What types of grains and hops went into it? How long did it ferment? More importantly, who created this and where did it come from? Craft beer drinkers are curious creatures, by nature, so knowing what you’re drinking is very important. Of course, you can go on-line or read books to research any craft beer that interests you. It’s really amazing how much you can learn about a particular beer from start to finish. Or, if you’re lucky enough to live near a craft beer maker, you can take a brewery tour and see the process in person (and smell that tantalizing cooked cereal aroma that hits you when you walk inside). A long weekend visiting family in Dover, Delaware, provided us with this opportunity.
Having been to Dogfish previously, we decided to stay more local and take a tour of the Fordham and Old Dominion Brewing facility located on the outskirts of town. Fordham, located in Maryland, originated in 1703 (when England’s Queen Anne commissioned Benjamin Fordham to start a brewery in the port of Annapolis, Maryland) and re-born in 1995 in Annapolis. In 2003 the company decided to move their operations to tax-friendly Delaware. In 2007 Fordham bought out Virginia-based Old Dominion Brewing and has carved out a niche in the craft beer world, distributing their beers throughout the Northeast.
The brewery offers tours six days a week and beer tasting events every Saturday. For just $5 you’re given a four-ounce tasting glass, five wooden tokens to redeem for beer samples in the tasting room, followed by a tour of the facility. At the end of the tour, you simply turn in your sampling glass and you’re rewarded with a free Fordham pint glass. Not bad for five bucks.
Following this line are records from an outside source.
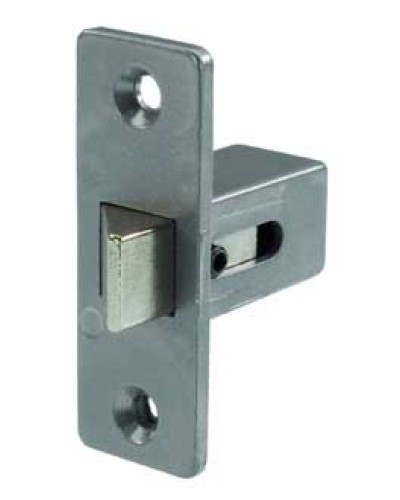 ST-SL010DL. Ответная часть к защелке электромеханической. Smartec в Ессентуках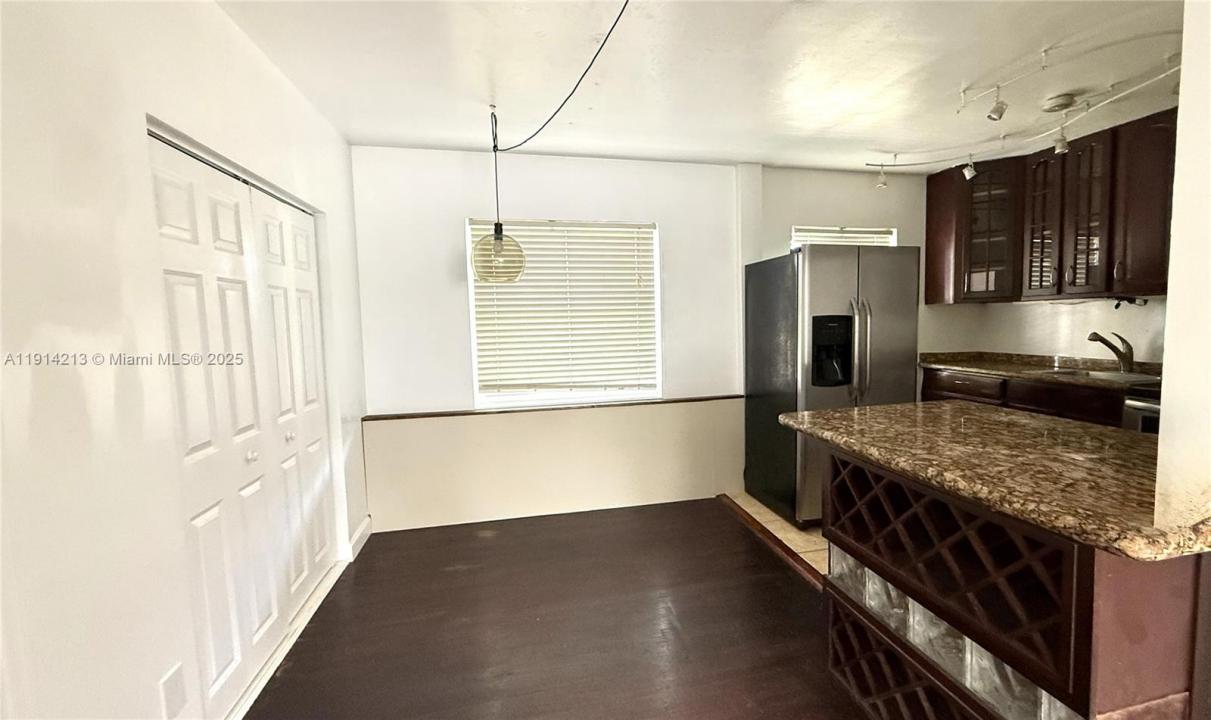 755 NE 91st St 3F, Miami Shores, Florida 33138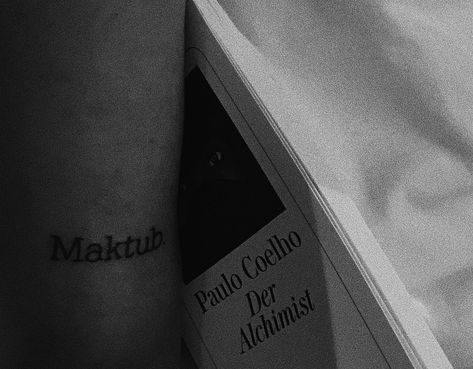 maktub. It’s written. The alchemist by paul coelho. #ink #tattoo #maktub #itswritten #paulcoelho #thealchemist #life #maktubtattoo The Alchemist Tattoo, Goose Tattoos, Alchemist Tattoo, Tattoo Planning, Goose Tattoo, The Alchemist, Tattoos And Piercings, Ink Tattoo, Body Art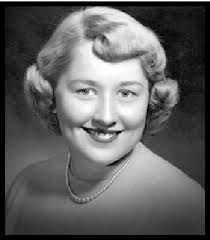 Judith O'Brien Obituary (2017)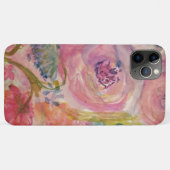 フローラモダン(名前はCase-Mate iPho) Case-Mate iPhoneケース (裏面(横))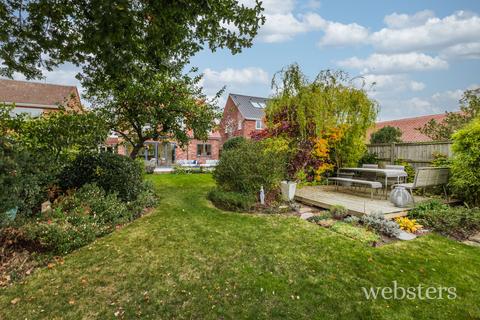 undefined, Lowther Road, Norwich NR4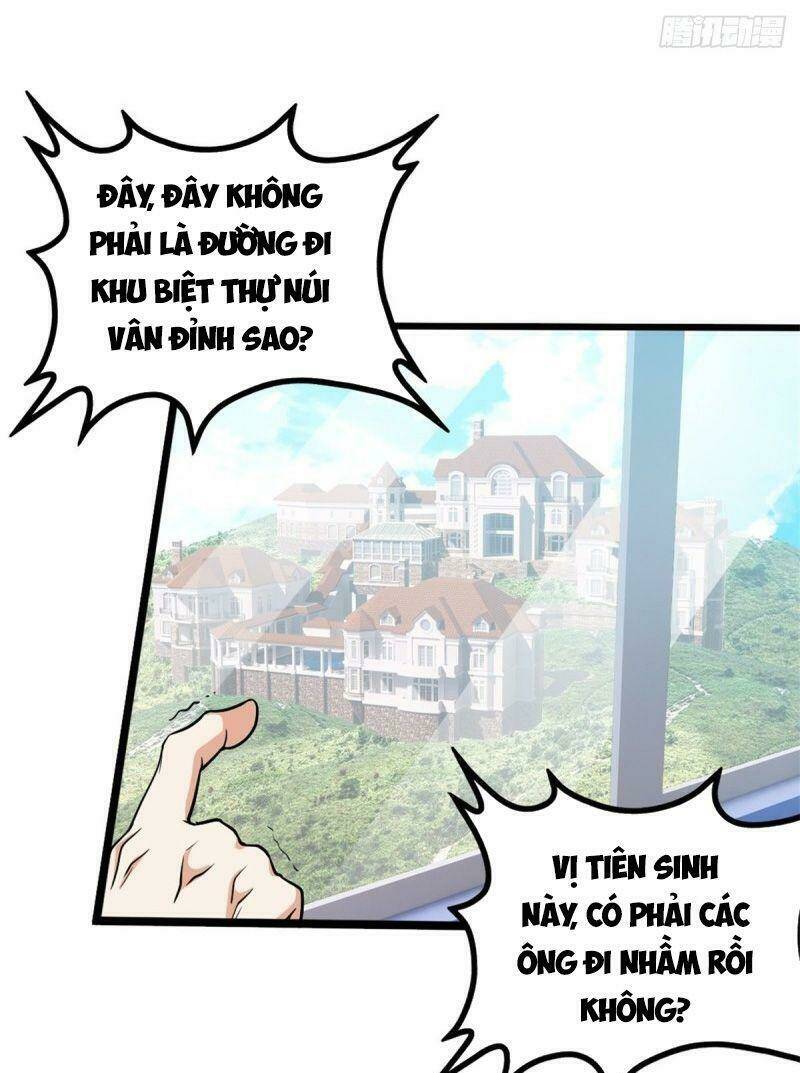 Chương 44 - Trang 11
After sampling several beers, our tour guide, Lee (who resembles actor Zachary Levi, but shorter and with a beard), took the 25 or so of us through the inner workings of Fordham Brewing, showing us step by step, beginning to end, how beer is made. It’s fascinating to see the process take place. If you’re the ambitious type and have ever taken a stab at home brewing, then you’re familiar with the process: the mashing in of the grains, the primary and secondary boiling, the sparging, the fermentation and the bottling. It’s been said, “If you can make oatmeal you can make beer.” Now, take your kitchen-sized brewing operation (one- to five-gallon production, most commonly) and expand that by thousands of square feet; add in boiling tanks large enough to swim in; booster rocket-sized 50- and 100-barrel fermentation tanks, plus the requisite bottling, capping and packaging equipment – and you can see for yourself that’s a whole lot of oatmeal. The entire tour, from start to finish, took around 45 minutes.
Touring a craft brewery like Fordham puts the whole beer-drinking thing into perspective. And I can honestly say you’ll never look at a bottle of beer quite the same.
Fordham-Old Dominion beers available on tap in the tasting room:
Our favorites were the Oak Barrel Stout and the Baltic Porter. Each boasts distinct coffee and chicory notes, plus hints of caramel and spice. One of Fordham’s small batch seasonal beers (and one of the most popular amongst local beer aficionados), the Scotch Ale, wasn’t available in the tasting room. Fortunately for us, the night before we enjoyed it on draft at a local eatery called Restaurant 55. Unfortunately, after two drafts the keg of delicious Scotch Ale kicked. Maybe next season.